**Source data**
....

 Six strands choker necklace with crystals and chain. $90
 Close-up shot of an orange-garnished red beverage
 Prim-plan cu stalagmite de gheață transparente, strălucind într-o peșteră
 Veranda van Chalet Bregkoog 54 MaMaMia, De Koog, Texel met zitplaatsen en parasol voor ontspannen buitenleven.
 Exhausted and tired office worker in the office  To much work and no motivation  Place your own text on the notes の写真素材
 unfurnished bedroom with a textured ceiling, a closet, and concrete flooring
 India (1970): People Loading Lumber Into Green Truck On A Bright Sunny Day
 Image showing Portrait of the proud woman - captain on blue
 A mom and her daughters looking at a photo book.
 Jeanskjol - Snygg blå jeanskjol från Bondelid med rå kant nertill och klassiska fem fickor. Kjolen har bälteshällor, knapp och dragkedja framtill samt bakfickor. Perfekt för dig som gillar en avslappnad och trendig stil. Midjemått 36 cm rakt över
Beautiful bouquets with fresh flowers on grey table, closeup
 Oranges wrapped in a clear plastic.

....

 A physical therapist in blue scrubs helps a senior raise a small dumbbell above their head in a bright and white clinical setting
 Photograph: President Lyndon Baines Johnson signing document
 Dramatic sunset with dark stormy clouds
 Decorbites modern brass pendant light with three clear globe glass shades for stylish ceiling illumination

....

**Your goal**
Would you please write out, exactly and with no other lines, the stretch of the listing above from the line containing "Beautiful bouquets with" through the line containing "Oranges wrapped in a clear plastic."?

**Output for this exercise**
Beautiful bouquets with fresh flowers on grey table, closeup
 Oranges wrapped in a clear plastic.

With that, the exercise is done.